Could you find every line in the records below that contains the word "case" and copy it?

(Short web captions)

"""

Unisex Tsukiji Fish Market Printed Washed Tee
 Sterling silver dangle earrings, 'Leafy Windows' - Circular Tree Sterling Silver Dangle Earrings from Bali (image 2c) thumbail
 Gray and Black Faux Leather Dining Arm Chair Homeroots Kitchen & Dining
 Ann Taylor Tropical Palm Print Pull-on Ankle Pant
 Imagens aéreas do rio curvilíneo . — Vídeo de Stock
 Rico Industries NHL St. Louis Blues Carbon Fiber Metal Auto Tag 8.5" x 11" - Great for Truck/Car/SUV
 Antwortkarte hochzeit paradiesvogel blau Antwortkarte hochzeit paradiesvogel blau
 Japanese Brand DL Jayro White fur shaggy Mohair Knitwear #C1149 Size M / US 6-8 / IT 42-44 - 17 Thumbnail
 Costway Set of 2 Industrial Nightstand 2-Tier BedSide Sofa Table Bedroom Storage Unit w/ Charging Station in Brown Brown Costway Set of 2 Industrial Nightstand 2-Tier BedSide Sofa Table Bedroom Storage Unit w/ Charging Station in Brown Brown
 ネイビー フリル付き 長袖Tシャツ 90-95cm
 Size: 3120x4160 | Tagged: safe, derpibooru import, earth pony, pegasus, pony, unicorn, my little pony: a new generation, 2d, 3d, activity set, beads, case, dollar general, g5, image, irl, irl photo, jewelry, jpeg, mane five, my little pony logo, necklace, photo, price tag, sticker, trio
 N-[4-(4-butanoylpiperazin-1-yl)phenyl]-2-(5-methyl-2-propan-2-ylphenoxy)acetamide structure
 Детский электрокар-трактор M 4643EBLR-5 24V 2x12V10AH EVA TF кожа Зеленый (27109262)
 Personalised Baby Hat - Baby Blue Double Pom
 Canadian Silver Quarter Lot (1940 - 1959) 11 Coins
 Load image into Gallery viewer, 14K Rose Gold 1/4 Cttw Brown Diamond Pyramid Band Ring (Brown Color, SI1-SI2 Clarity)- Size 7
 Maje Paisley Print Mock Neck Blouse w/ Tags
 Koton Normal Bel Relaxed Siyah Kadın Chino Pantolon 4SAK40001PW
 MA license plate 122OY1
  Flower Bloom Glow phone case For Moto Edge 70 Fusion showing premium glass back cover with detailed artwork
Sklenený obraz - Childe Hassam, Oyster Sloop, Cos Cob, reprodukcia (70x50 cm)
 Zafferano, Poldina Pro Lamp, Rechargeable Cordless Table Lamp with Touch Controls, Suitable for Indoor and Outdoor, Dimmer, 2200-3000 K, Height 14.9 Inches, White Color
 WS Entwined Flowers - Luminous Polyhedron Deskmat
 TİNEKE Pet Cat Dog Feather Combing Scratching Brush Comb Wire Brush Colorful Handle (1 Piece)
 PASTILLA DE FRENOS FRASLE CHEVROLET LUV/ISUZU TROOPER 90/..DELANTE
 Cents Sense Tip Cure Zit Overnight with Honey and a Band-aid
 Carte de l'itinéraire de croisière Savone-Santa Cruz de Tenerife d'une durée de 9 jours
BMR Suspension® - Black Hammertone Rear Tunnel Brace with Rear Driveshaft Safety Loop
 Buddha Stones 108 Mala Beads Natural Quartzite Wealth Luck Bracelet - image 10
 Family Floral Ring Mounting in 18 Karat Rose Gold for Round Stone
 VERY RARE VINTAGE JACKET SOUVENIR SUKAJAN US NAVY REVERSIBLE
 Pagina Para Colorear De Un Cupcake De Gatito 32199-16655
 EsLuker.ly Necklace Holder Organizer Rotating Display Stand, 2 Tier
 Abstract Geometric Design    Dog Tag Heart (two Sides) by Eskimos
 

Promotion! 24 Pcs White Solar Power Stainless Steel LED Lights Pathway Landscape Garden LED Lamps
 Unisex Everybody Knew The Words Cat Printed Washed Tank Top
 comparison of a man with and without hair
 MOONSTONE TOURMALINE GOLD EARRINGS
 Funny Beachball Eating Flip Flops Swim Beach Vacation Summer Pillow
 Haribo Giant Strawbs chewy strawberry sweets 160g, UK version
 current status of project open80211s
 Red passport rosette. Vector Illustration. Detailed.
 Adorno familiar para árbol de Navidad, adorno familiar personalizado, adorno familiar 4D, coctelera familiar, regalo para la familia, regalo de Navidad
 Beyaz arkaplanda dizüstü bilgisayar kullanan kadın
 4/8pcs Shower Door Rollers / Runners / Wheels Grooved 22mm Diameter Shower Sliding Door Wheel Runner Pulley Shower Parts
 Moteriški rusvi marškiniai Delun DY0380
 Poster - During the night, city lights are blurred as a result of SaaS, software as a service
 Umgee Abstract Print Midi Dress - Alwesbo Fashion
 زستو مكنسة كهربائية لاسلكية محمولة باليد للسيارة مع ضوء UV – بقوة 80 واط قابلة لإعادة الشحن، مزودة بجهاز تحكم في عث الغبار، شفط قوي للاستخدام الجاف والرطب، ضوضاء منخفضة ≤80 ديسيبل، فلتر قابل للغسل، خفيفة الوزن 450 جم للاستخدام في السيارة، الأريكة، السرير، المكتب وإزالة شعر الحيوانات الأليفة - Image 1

"""

(Exercise result):
 Size: 3120x4160 | Tagged: safe, derpibooru import, earth pony, pegasus, pony, unicorn, my little pony: a new generation, 2d, 3d, activity set, beads, case, dollar general, g5, image, irl, irl photo, jewelry, jpeg, mane five, my little pony logo, necklace, photo, price tag, sticker, trio
  Flower Bloom Glow phone case For Moto Edge 70 Fusion showing premium glass back cover with detailed artwork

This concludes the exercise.